(Stored entries)
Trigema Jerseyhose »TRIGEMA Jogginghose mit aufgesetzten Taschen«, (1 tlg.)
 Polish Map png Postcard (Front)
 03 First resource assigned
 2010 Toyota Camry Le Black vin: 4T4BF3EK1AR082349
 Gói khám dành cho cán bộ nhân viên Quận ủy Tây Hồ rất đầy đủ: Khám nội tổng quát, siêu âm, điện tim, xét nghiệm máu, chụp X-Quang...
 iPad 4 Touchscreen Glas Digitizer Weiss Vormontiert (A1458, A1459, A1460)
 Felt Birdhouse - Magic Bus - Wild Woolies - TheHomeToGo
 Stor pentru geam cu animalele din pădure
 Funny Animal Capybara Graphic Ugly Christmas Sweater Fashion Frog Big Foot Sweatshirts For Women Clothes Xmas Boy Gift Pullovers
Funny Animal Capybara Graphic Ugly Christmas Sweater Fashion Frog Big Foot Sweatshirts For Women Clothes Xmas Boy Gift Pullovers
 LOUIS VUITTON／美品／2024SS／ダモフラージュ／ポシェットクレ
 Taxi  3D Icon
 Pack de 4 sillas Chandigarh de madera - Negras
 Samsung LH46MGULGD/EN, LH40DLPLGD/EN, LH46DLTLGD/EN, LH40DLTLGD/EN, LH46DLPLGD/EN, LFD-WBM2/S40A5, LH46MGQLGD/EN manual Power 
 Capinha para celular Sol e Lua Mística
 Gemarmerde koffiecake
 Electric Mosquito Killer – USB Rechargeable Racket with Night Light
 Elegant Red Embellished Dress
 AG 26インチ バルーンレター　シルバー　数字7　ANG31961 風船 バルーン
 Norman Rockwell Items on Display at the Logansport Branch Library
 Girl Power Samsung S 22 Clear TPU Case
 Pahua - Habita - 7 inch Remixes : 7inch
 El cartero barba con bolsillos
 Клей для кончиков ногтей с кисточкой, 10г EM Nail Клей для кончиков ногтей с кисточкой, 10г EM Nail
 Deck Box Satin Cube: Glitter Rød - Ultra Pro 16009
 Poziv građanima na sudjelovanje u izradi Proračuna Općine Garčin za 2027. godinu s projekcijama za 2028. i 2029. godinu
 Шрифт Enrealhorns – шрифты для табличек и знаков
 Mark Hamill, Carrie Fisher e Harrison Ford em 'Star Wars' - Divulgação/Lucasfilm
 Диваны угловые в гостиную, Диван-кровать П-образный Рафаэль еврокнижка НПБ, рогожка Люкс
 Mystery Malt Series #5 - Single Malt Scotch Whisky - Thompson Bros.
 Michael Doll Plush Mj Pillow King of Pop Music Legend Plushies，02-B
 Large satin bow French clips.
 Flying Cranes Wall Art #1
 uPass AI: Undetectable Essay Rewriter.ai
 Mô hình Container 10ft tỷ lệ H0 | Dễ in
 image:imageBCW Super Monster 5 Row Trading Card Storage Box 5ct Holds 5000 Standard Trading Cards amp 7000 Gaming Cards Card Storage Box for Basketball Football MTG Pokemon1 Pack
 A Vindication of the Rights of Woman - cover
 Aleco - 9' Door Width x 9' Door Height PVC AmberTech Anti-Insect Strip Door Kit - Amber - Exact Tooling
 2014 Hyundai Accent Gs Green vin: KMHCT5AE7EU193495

● EXERCISE REQUIREMENTS
Please reproduce exactly the lines above, beginning with the first and ending with the line that contains "2010 Toyota Camry", and include nothing outside that range.

● ANSWER TO THE PROBLEM
Trigema Jerseyhose »TRIGEMA Jogginghose mit aufgesetzten Taschen«, (1 tlg.)
 Polish Map png Postcard (Front)
 03 First resource assigned
 2010 Toyota Camry Le Black vin: 4T4BF3EK1AR082349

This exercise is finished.